Nos sentamos en extremos opuestos del banco, y en el medio había una lámpara de pared que acababa de apagarse. Cada uno sostenía una taza de té caliente que trajo la enfermera, y el aroma del té de loto era tenue. Nosotros, dos completos extraños, compartíamos la característica silenciosa de los padres que esperan fuera de la sala de partos: medio asustados, medio esperanzados, con las palmas sudorosas.
De repente, se apagó la luz. El pasillo quedó envuelto en una oscuridad densa, y solo la luz roja de emergencia parpadeaba. Una enfermera corrió y gritó: “El generador volvió a fallar. Si tienen familiares en la sala de partos, manténganse tranquilos, no se preocupen.” Escuché mi corazón latir como un tambor de cabra. Después de unos segundos, el generador explotó, la luz amarilla volvió a parpadear, y el techo tembló en una ola.
Unos momentos después, alguien gritó desde la sala 5. Fuerte, agudo, lleno de vida. Me levanté del asiento solo, apresurándome hacia allá. Una enfermera abrió la puerta y preguntó: “¿Kuya An, verdad? Felicidades, el bebé es muy bueno.”
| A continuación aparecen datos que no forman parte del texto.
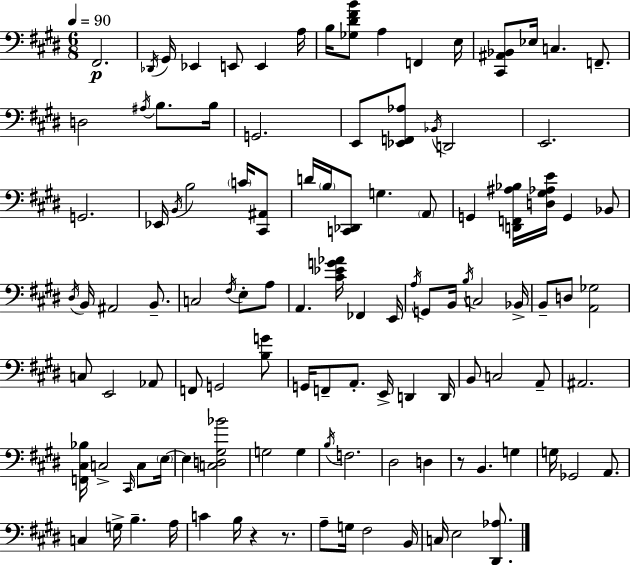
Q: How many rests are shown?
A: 3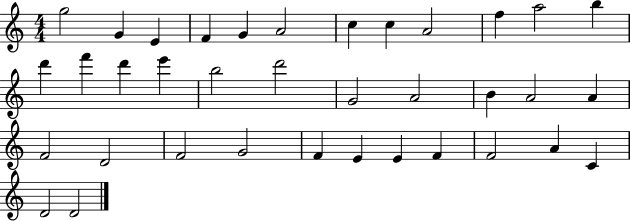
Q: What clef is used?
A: treble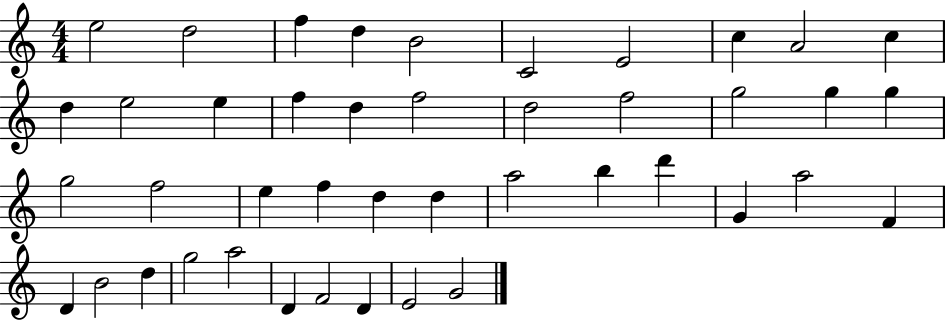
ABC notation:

X:1
T:Untitled
M:4/4
L:1/4
K:C
e2 d2 f d B2 C2 E2 c A2 c d e2 e f d f2 d2 f2 g2 g g g2 f2 e f d d a2 b d' G a2 F D B2 d g2 a2 D F2 D E2 G2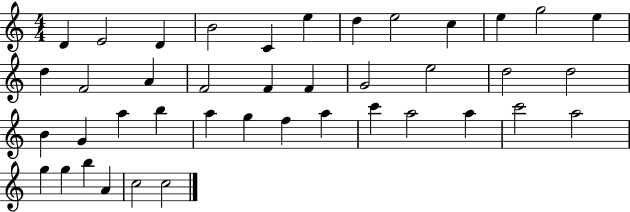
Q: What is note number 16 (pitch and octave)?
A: F4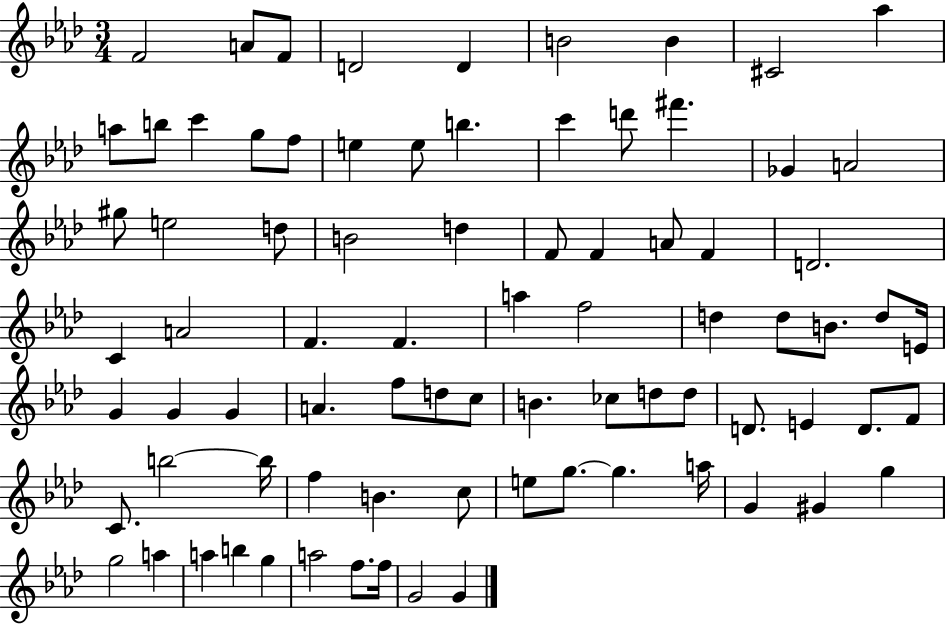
F4/h A4/e F4/e D4/h D4/q B4/h B4/q C#4/h Ab5/q A5/e B5/e C6/q G5/e F5/e E5/q E5/e B5/q. C6/q D6/e F#6/q. Gb4/q A4/h G#5/e E5/h D5/e B4/h D5/q F4/e F4/q A4/e F4/q D4/h. C4/q A4/h F4/q. F4/q. A5/q F5/h D5/q D5/e B4/e. D5/e E4/s G4/q G4/q G4/q A4/q. F5/e D5/e C5/e B4/q. CES5/e D5/e D5/e D4/e. E4/q D4/e. F4/e C4/e. B5/h B5/s F5/q B4/q. C5/e E5/e G5/e. G5/q. A5/s G4/q G#4/q G5/q G5/h A5/q A5/q B5/q G5/q A5/h F5/e. F5/s G4/h G4/q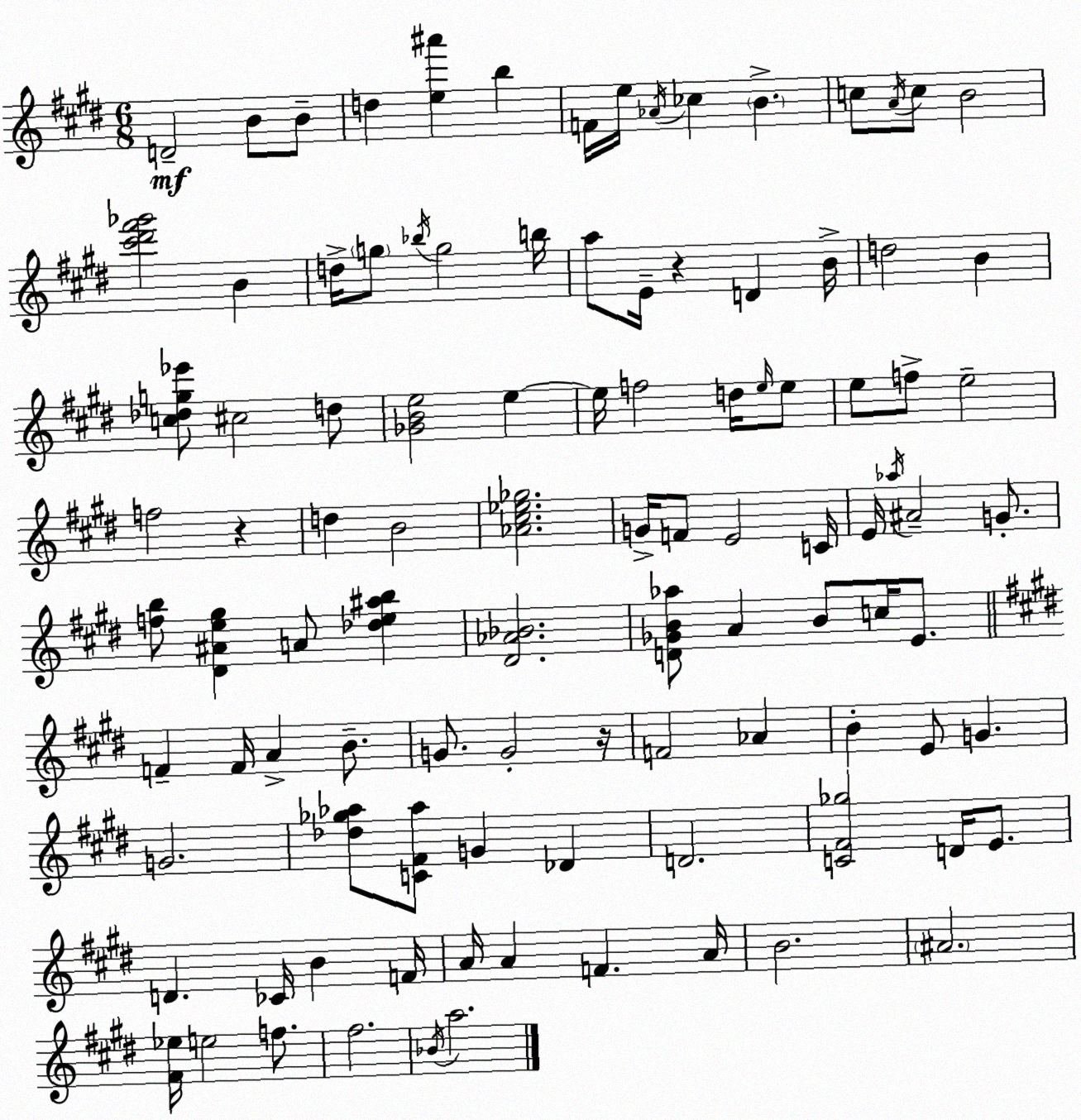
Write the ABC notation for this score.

X:1
T:Untitled
M:6/8
L:1/4
K:E
D2 B/2 B/2 d [e^a'] b F/4 e/4 _A/4 _c B c/2 A/4 c/2 B2 [^c'^d'^f'_g']2 B d/4 g/2 _b/4 g2 b/4 a/2 E/4 z D B/4 d2 B [c_dg_e']/2 ^c2 d/2 [_GBe]2 e e/4 f2 d/4 e/4 e/2 e/2 f/2 e2 f2 z d B2 [_A^c_e_g]2 G/4 F/2 E2 C/4 E/4 _a/4 ^A2 G/2 [fb]/2 [^D^Ae^g] A/2 [_de^ab] [^D_A_B]2 [D_GB_a]/2 A B/2 c/4 E/2 F F/4 A B/2 G/2 G2 z/4 F2 _A B E/2 G G2 [_d_g_a]/2 [C^F_a]/2 G _D D2 [C^F_g]2 D/4 E/2 D _C/4 B F/4 A/4 A F A/4 B2 ^A2 [^F_e]/4 e2 f/2 ^f2 _B/4 a2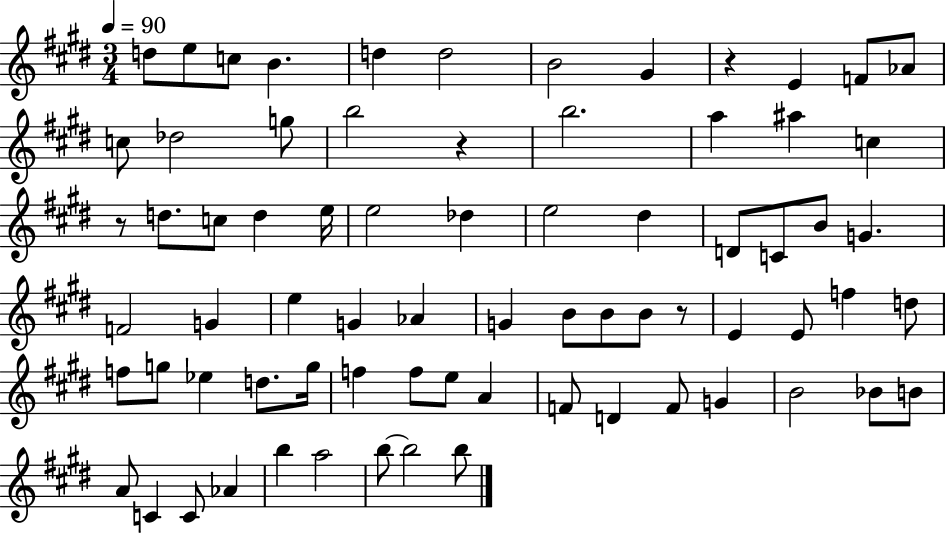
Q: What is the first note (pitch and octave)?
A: D5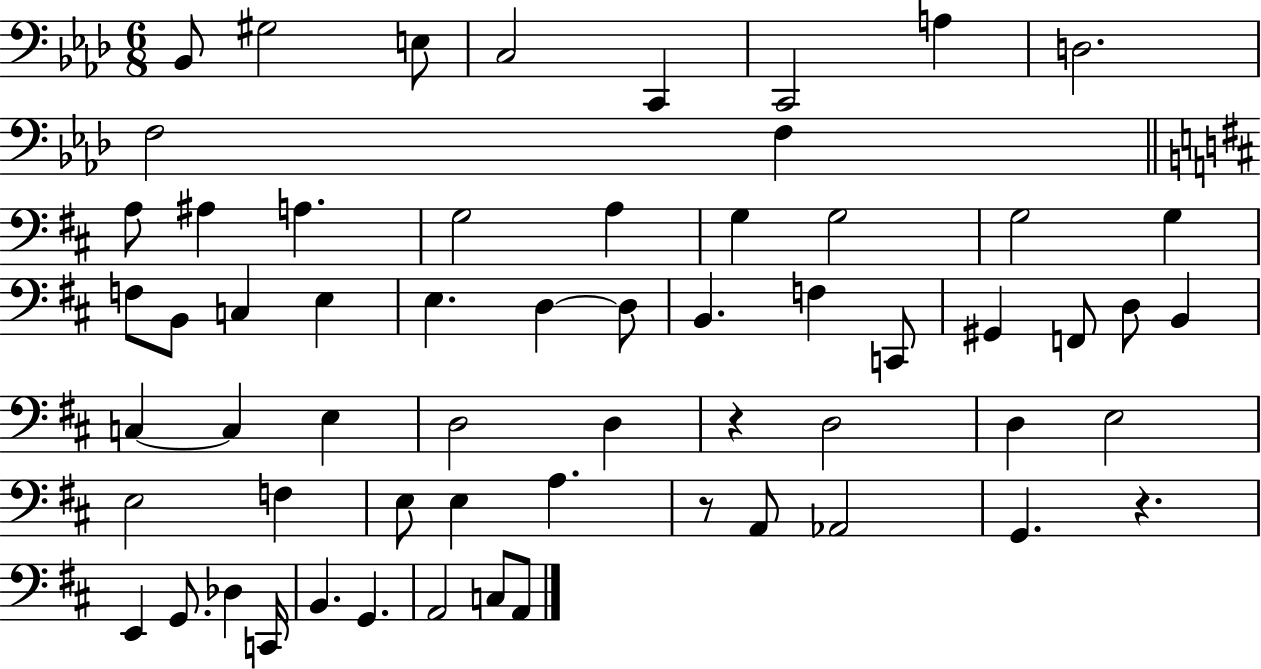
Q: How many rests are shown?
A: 3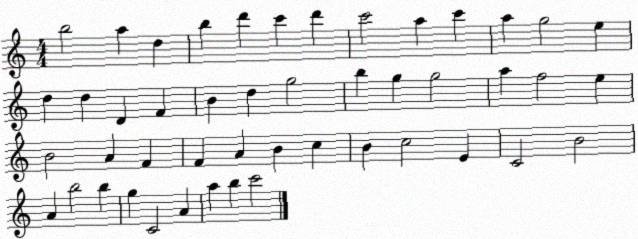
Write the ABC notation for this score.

X:1
T:Untitled
M:4/4
L:1/4
K:C
b2 a d b d' c' d' c'2 a c' a g2 e d d D F B d g2 b g g2 a f2 e B2 A F F A B c B c2 E C2 B2 A b2 b g C2 A a b c'2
Me reí a carcajadas, mis labios se enrojecían por las lágrimas. Todo había sido sacudido como si hubiera pasado una tormenta—y luego, silencio. Cinco minutos después, otro grito vino de la sala 7. Huang se levantó, también con lágrimas en los ojos, y su arco familiar.
En la sala neonatal, tras el largo proceso de desinfección de manos, vi a mi bebé a través del cristal. El pequeño yacía en una pequeña incubadora, su piel era tan roja como un camarón recién cocido, sus ojos cerrados, y sus puños medio cerrados. Lo miré sorprendido: en su mano izquierda, además de cuatro dedos y un pulgar, tenía un pequeño dedo parecido a un pétalo extra, rosado y blanco.
Me quedé atónito. La parte de mi memoria que siempre estuvo encerrada parecía tener las uñas de alguien: mi fina cicatriz, la frase “cuando tenía tres años, me quedó un dedo extra…”.
“Esto…” Asentí, llamé a la enfermera. Ella se rió: “Tiene dedos extra. Es triste pensar que hay tres casos aquí cada año. La operación es simple, pequeña y rápida, y no deja cicatriz.”
Asentí, con el corazón latiendo fuerte. Lo observé un poco más, sus costillas subían y bajaban con su pequeña respiración. Quería llamar a mi madre, a mi padre, al cielo y a la tierra. Me di la vuelta, mirando la incubadora a mi lado — mientras la enfermera recogía a otro bebé. Y el dedo izquierdo de ese bebé… un dedo extra, exactamente igual.
Sentí que se me secaba la garganta, como si acabara de tragar una piedra caliza.
El nombre en la etiqueta de la incubadora decía: “Niña—Trang/Hoang”.
Una sensación oscura, como una sombra invertida del techo, envolvía mis ojos. Estoy muerto. No es un momento agradable. “Esto no es raro”—pero dos bebés acostados uno al lado del otro, nacidos con minutos de diferencia, ambos mi hijo y el ex de mi esposa… Compartiendo una característica tan increíble.
Una pregunta oscura que parecía grabada en la nuca: ¿Es esto una coincidencia, o es la confesión no escrita del destino?
Oculté a Ly el dedo extra del bebé junto a mí. Ly estaba agotada, con los labios secos y agrietados, y los ojos húmedos y tranquilos. “Como tú,” sonrió cansada, “sus ojos están un poco inclinados.” Solo asentí.
Hoang me buscó en el balcón mientras fumaba; el cielo se había detenido, el olor a hojas mojadas y agua de lluvia se acumulaba en las gotas al borde de la reja. Me ofreció el encendedor sin decir palabra. Los dos permanecimos en silencio. El humo se disolvía en finos hilos, mezclándose con el vapor del agua.
“Mi bebé… también tiene dedos extra en su mano izquierda,” dijo Hoang con voz ronca.